Resolving HW requirements to actual instance types / prices using --selection-strategy=balanced ...
Regions in consideration based on --region='^(us|ca)' input: ['ca-central-1', 'ca-west-1', 'us-east-1', 'us-east-2', 'us-west-1', 'us-west-2']
Resolving HW requirements in region '^(us|ca)' using --selection-strategy=balanced ...

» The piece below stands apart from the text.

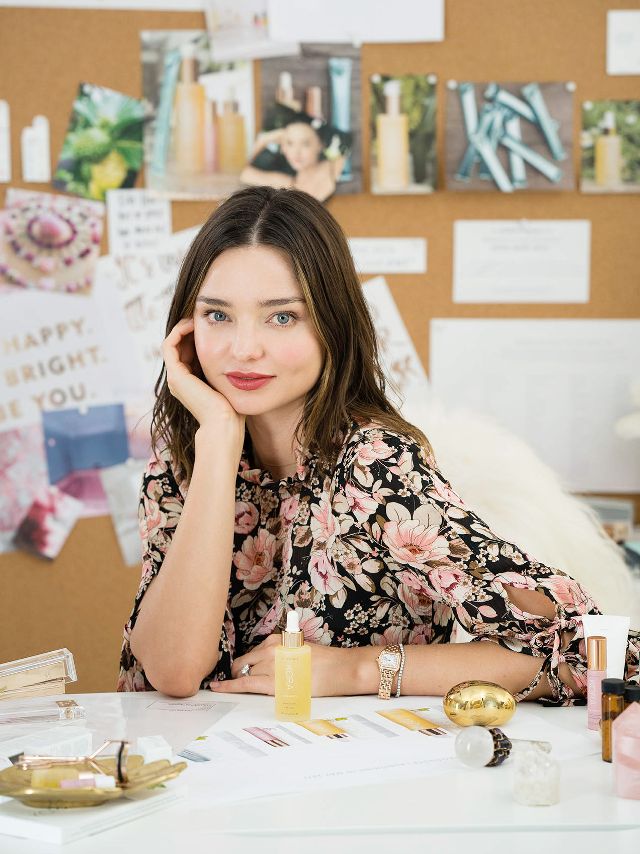 Μικρές καθημερινές συνήθειες για ευεξία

Top cheapest instances found for strategy 'balanced' (to list available strategies run --list-strategies / PGSO_LIST_STRATEGIES=y):
+--------------+----------------+------+------+--------+------------------+-------------+------------------+--------------+-----------------+-----------------+
| Region | SKU | Arch | vCPU | RAM | Instance storage | Spot $ (Mo) | On-Demand $ (Mo) | EC2 discount | Approx. RDS win | Evic. rate (Mo) |
+--------------+----------------+------+------+--------+------------------+-------------+------------------+--------------+-----------------+-----------------+
| us-west-2 | x8g.4xlarge | arm | 16 | 256 GB | EBS only | 170.7 | 1125.5 | -85% | 10x | <5% |
| us-east-1 | x2gd.4xlarge | arm | 16 | 256 GB | 950 GB ssd | 214.2 | 961.9 | -78% | 7x | 10-15% |
| us-west-2 | x2iezn.2xlarge | x86 | 8 | 256 GB | EBS only | 226.7 | 1201.0 | -81% | 8x | <5% |
| us-west-2 | x2iedn.2xlarge | x86 | 8 | 256 GB | 237 GB nvme | 230.5 | 1200.4 | -81% | 8x | <5% |
| us-east-1 | x8g.4xlarge | arm | 16 | 256 GB | EBS only | 237.0 | 1125.5 | -79% | 8x | <5% |
| us-east-1 | i4g.8xlarge | arm | 32 | 256 GB | 7500 GB ssd | 261.8 | 1779.1 | -85% | 11x | <5% |
+--------------+----------------+------+------+--------+------------------+-------------+------------------+--------------+-----------------+-----------------+

# Now to actually create the instance two mandatory flags `--region` and `--instance-name` are required. Plus all other
# optional ones like passwords, pg_hba.conf rules, etc. Run `--help` for all flags or look at README_env_options.md.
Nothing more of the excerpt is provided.